Broker can redirect only those consumers which have reached to end of a terminated topic or create a new subscription in the blue cluster. Therefore, the broker can determine the redirection of consumers in the consumer-creation phase and the pulsar client has to handle redirection after sending producer/consumer creation requests.
Broker will unsubscribe the subscription once that subscription reaches end of topic and broker will also not allow creation of any new producer or subscription for the topics. Therefore, eventually, all the topics in the blue cluster will not have a subscription or producer attached and eventually, those topics will be deleted by the garbage collector.
Broker marks the cluster state as migration-completed once all the topics are deleted and that cluster will not allow any new topic creation.
This PIP depends on the recently added broker's feature to terminate topic. In case, if any user decides to terminate the topic then it can be done using admin API. Once, broker receives request to terminate the topic, broker
Terminated
and doesn't allow any new writes on that managed-ledger.TopicTerminatedError
Migration of topic will have enhancement on top of topic-termination feature where migration process will
TopicTerminatedError
error to the producer, the broker sends migration-response to producer so, producer can handle migration-response and manage redirection to the new cluster. We will discuss this step in detail in next section.This PIP will add API to managed-ledger to change ManagedLedger state as migrated. This API will terminate the topic and persist the status of managed-ledger as migrated. Broker triggers migrate API of managed-ledger once cluster becomes the blue cluster and traffic should redirect to the green cluster.

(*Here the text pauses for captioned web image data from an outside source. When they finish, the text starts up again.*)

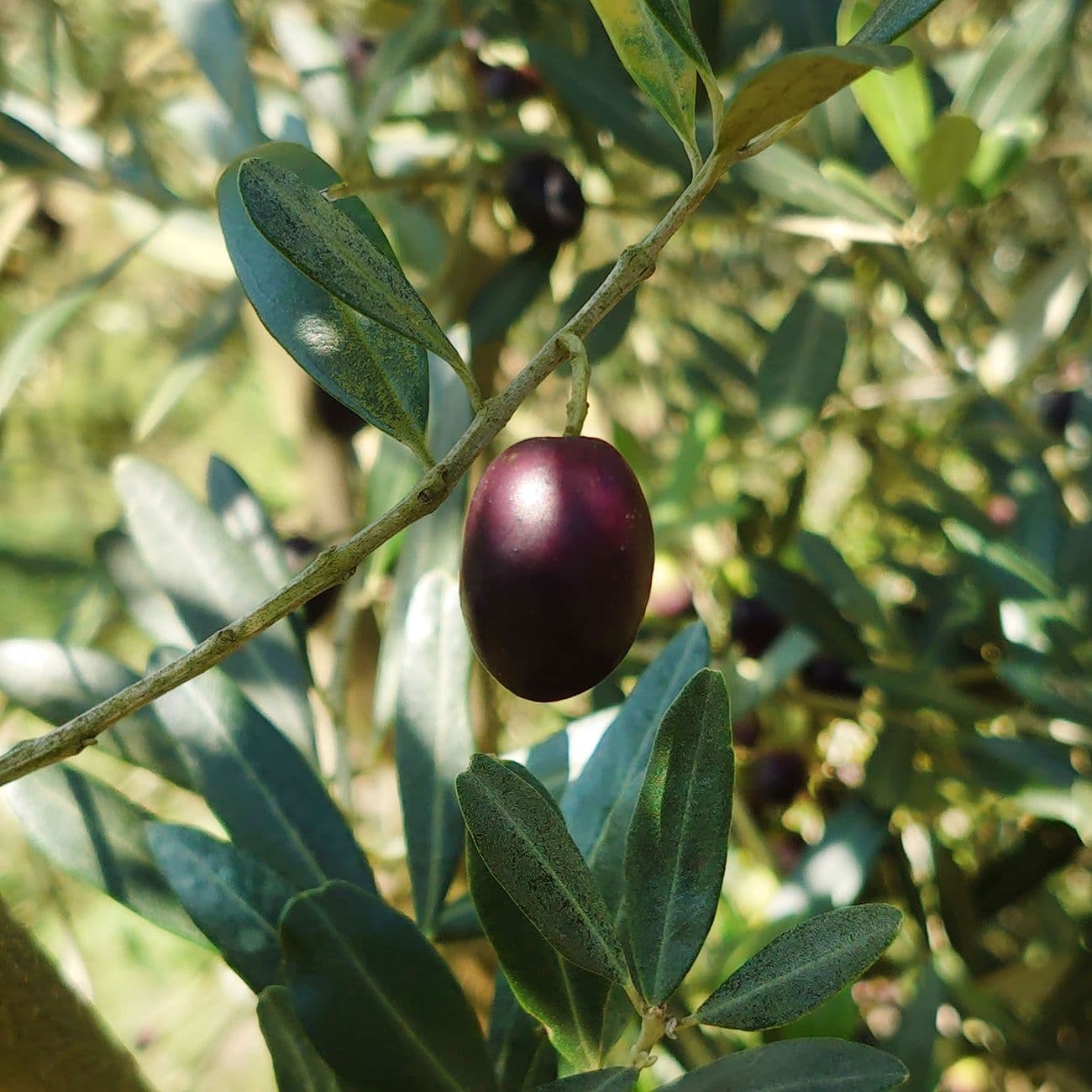 Plum, the raw material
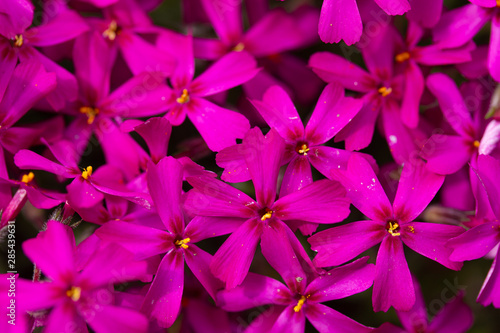 Saturated pink flowers of Saponaria ocymoides in spring © Olena Shvets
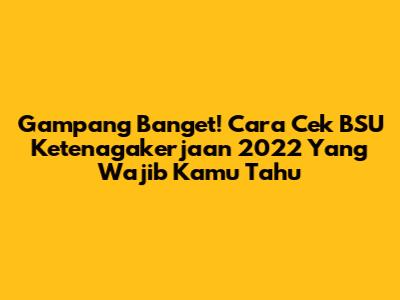 Gampang Banget! Cara Cek BSU Ketenagakerjaan 2022 Yang Wajib Kamu Tahu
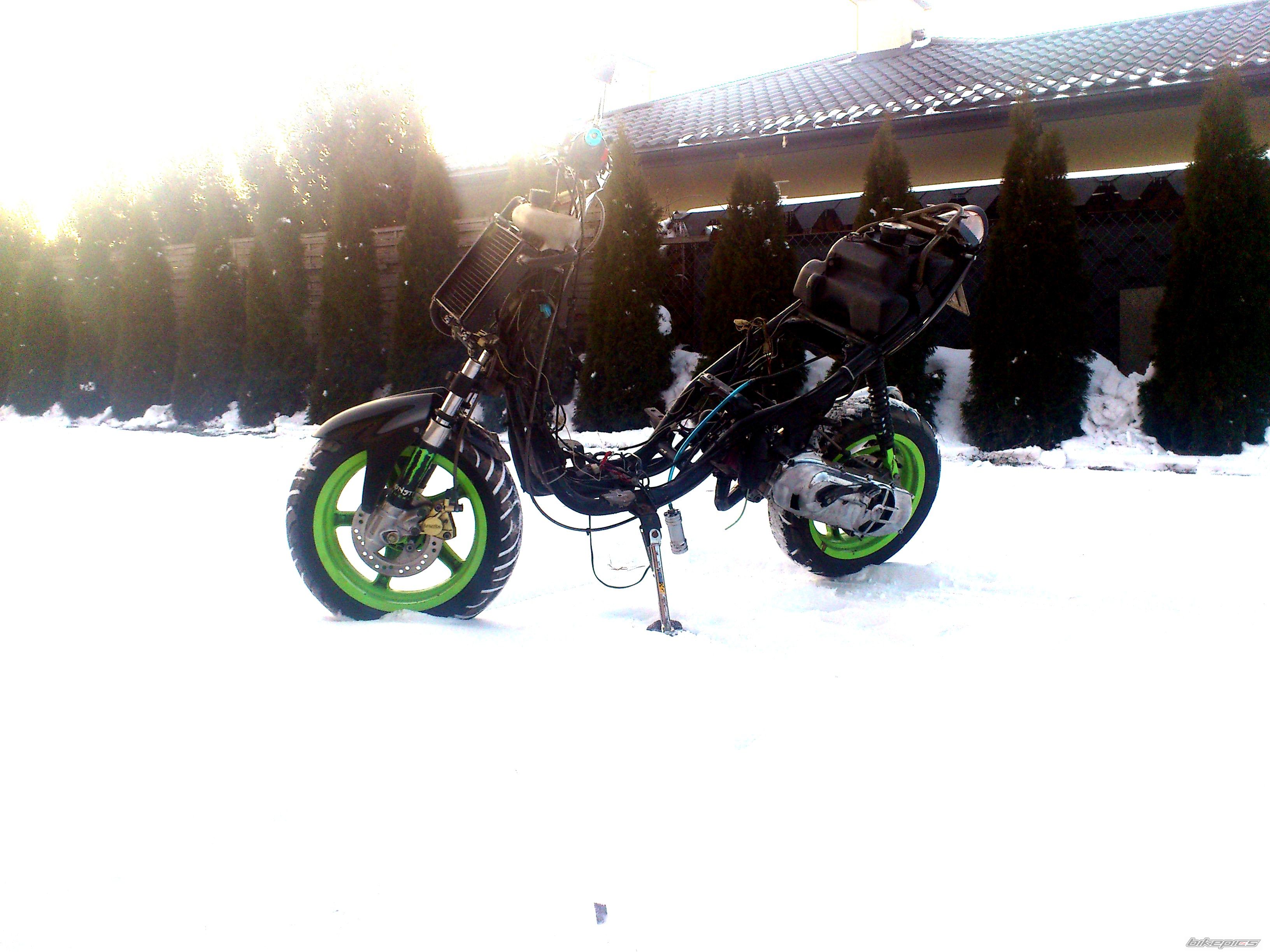 Photo 2528461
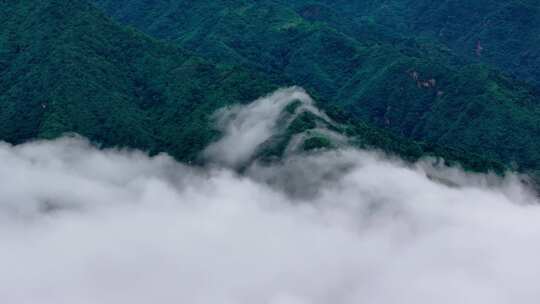 航拍森林云雾云海 秦岭山脉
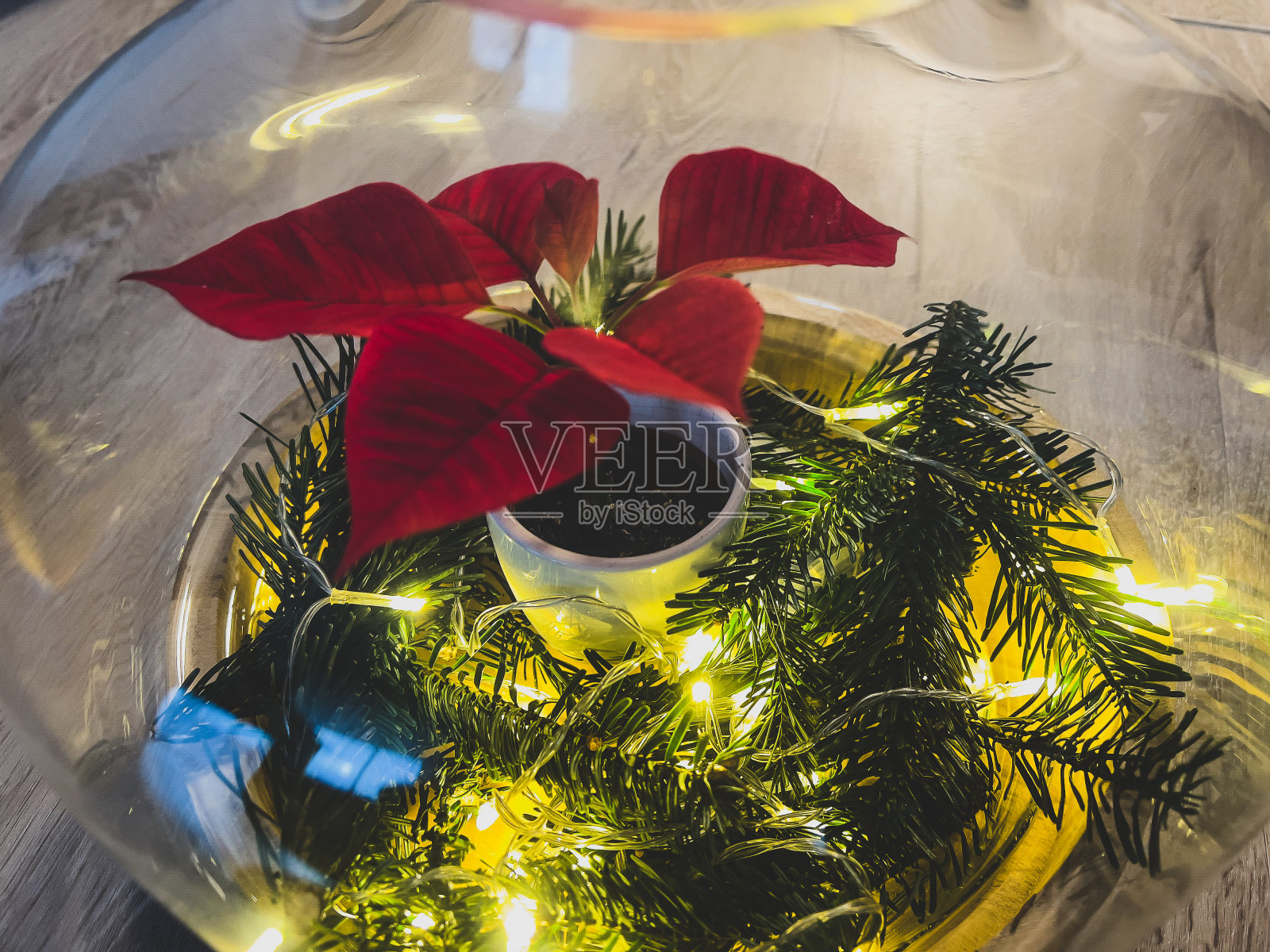 美丽的圣诞装饰，红色的植物，淡绿色的树枝在一个玻璃。照片摄影图片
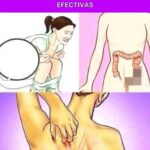 Señales de Problemas Digestivos y Soluciones Naturales Efectivas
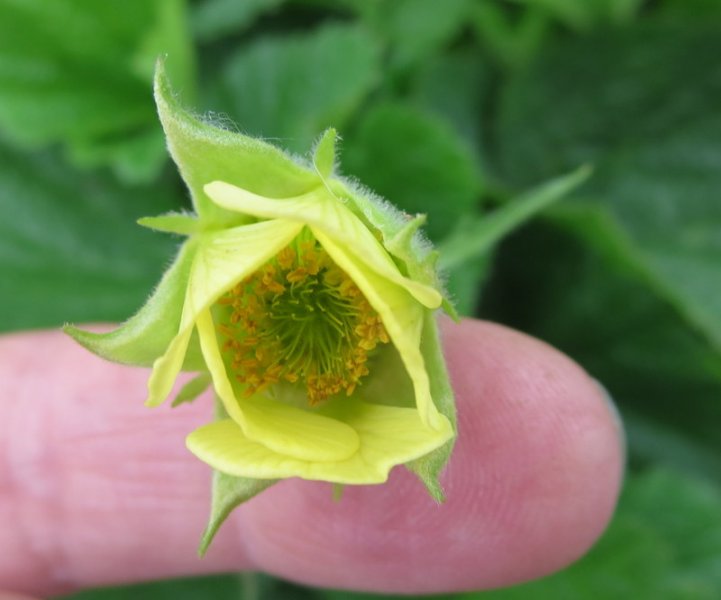 GEUM  LEMON  DROPS 12-Aug-16 4-55-07 PM.JPG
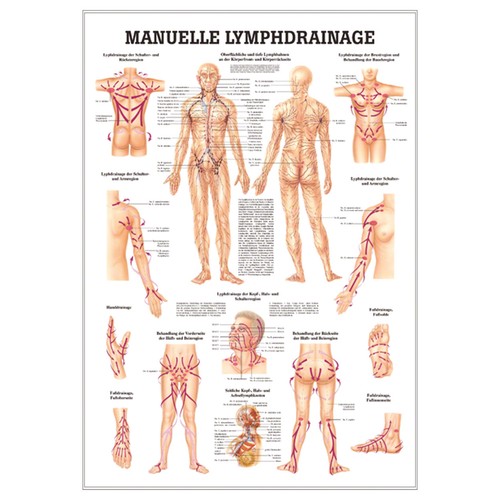 Manuelle lymphdrainage - manuelle,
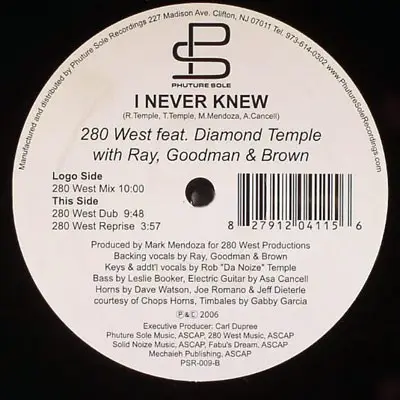280 West Feat. Diamond Temple With Ray, Goodman & Brown - I Never Knew
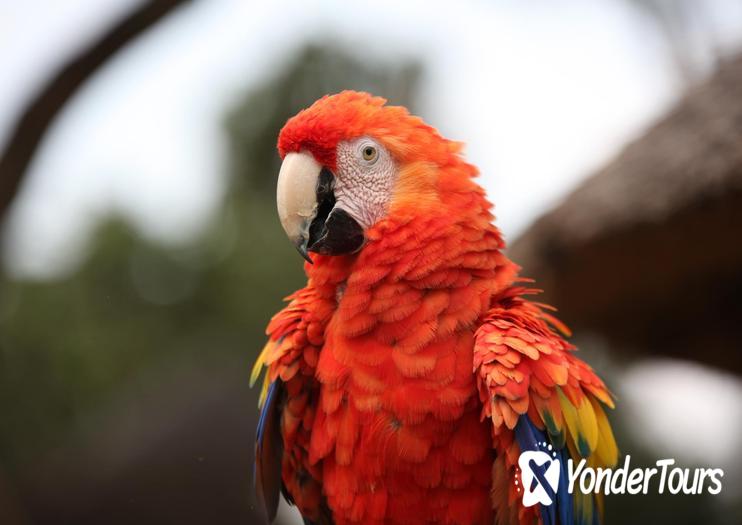 Montecasino Bird Gardens Montecasino Bird Gardens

ManagedLedger.java CompletableFuture<Position> asyncMigrate();
It will be persisted as a part of ManagedLedgerInfo::properties
so, broker can recover migrated topic/ledger upon broker restart.
Pulsar Admin Change
pulsar-admin clusters set-cluster-migrated \ –brokerServiceUrl <> \ –brokerServiceUrlTls <>
Pulsar stores each region’s url metadata into global zookeeper or configuration metadata store as a cluster metadata for that region where each cluster’s metadata stores that region’s broker service urls. During the migration of a given blue region to its appropriate green region, blue region needs to store the migration-state flag and then appropriate green region’s cluster metadata URL where blue region can redirect the traffic. Both blue and green regions can share the same configuration metadata store or global zookeeper and the migration state of a blue region is attached to that blue region only. Therefore, blue region must store migration state and redirection url metadata locally in a local metadata store as this metadata configuration is only applicable to the blue region and not to be shared with green region. Therefore, pulsar broker will store the migration policies for the blue cluster at local metadata-store at path: /admin/<cluster-name>/policies
and it will store below migration metadata info in that cluster policies.
Cluster-metadata change
ClusterPolicies.java boolean migrated; ClusterUrl migratedClusterUrl; class ClusterUrl { String brokerServiceUrl; String brokerServiceUrlTls; }
Sometimes, we would like to start migration namespace by namespace, and admin requires a namespace level control for the migration so, it can start and test migration setup first with specific namespaces. Therefore, Pulsar should also allow controlling migration at the namespace level and Pulsar should provide admin API to enable migration for specific namespace. Pulsar broker will persist migration enable flag into namespace local policies. Therefore, the Pulsar broker will provide API to update and retrieve the namespace migration state.
Namespaces.java
void updateMigrationState(String namespace, boolean migrated) throws PulsarAdminException;
It’s really important to monitor the migration process and progress during blue-green cluster migration. Therefore, Pulsar will have a migration flag into existing topic stats so, we can monitor the migration state for each topic.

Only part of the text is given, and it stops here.